* Collected data *

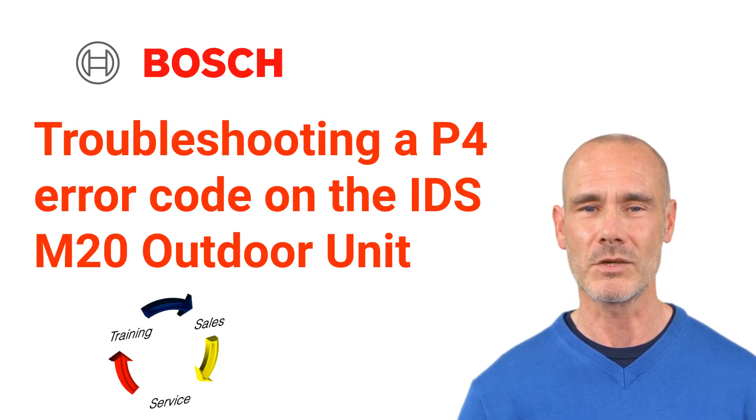Welcome to TSS Associates troubleshooting guide for the Bosch inverter heat pumps. Today, we'll show you how to diagnose a P4 error code for your M20 outdoor unit. Let's get started.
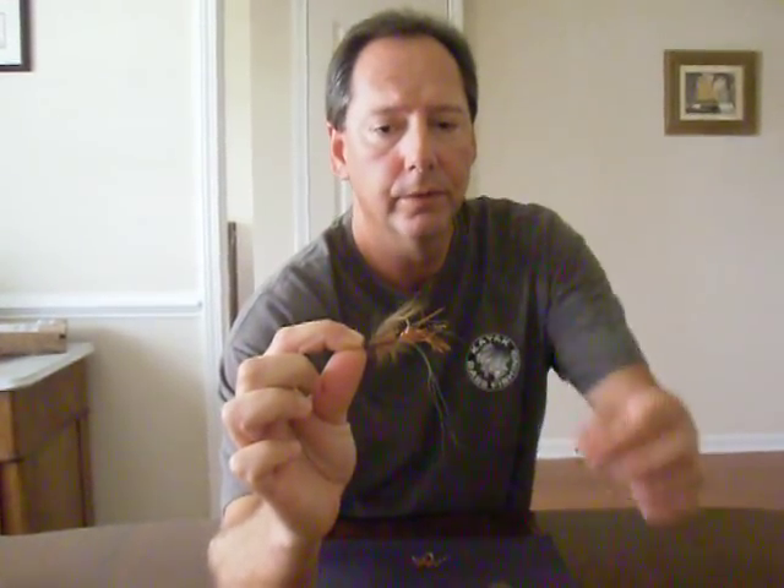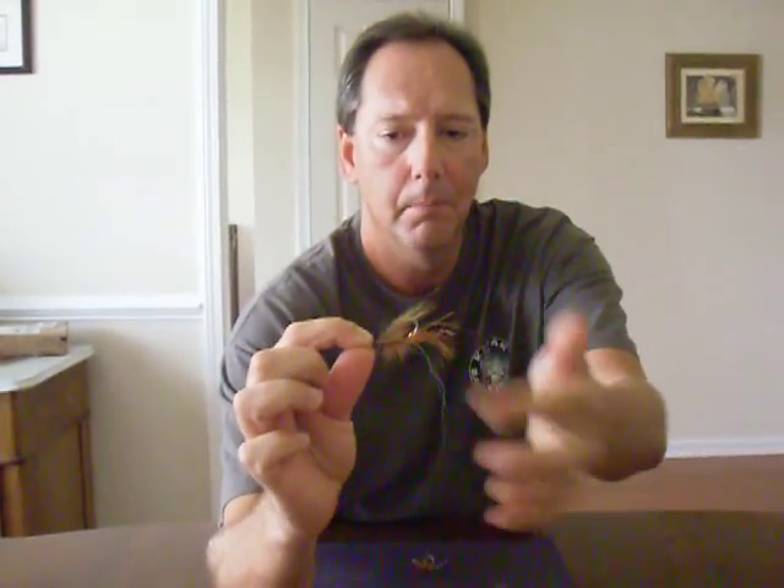Number two for me is my ginger shrimp. You can see it right here — it's ginger hackle, a little bit of copper flash, some flashabou, mono eyes, and light brown bucktail. Again, it's a lead head fly. Toss it out, let it sink. Give it about a 4-inch pop whenever a fish is anywhere close, and they're going to be all over this fly as well.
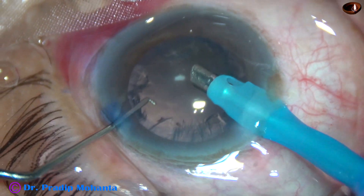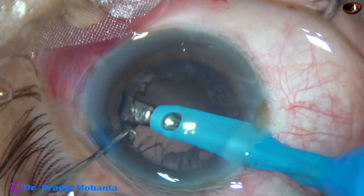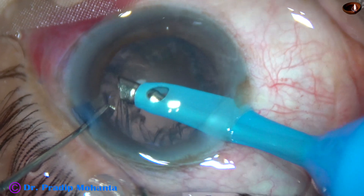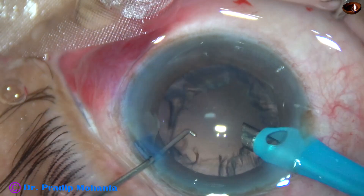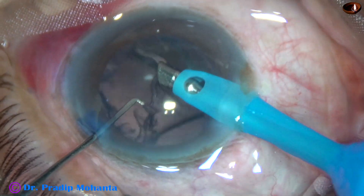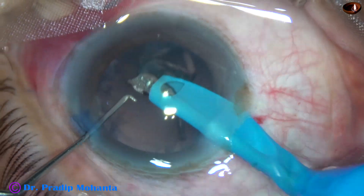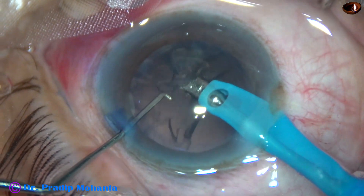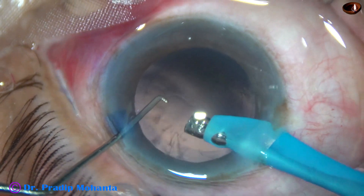Emulsification of the nuclear pieces is done and now cortical cleanup. I go to I/A mode where the vacuum is 200 and flow rate is 20. For this technique, you must watch videos of Dr. Neto Rosatili from Brazil and Dr. Sunil Thangaraj from Chennai.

* About this exercise *
Take the listing above and retype it exactly. Its pictures are to be omitted.

* Exercise answer *
Welcome to TSS Associates troubleshooting guide for the Bosch inverter heat pumps. Today, we'll show you how to diagnose a P4 error code for your M20 outdoor unit. Let's get started.
Number two for me is my ginger shrimp. You can see it right here — it's ginger hackle, a little bit of copper flash, some flashabou, mono eyes, and light brown bucktail. Again, it's a lead head fly. Toss it out, let it sink. Give it about a 4-inch pop whenever a fish is anywhere close, and they're going to be all over this fly as well.
Emulsification of the nuclear pieces is done and now cortical cleanup. I go to I/A mode where the vacuum is 200 and flow rate is 20. For this technique, you must watch videos of Dr. Neto Rosatili from Brazil and Dr. Sunil Thangaraj from Chennai.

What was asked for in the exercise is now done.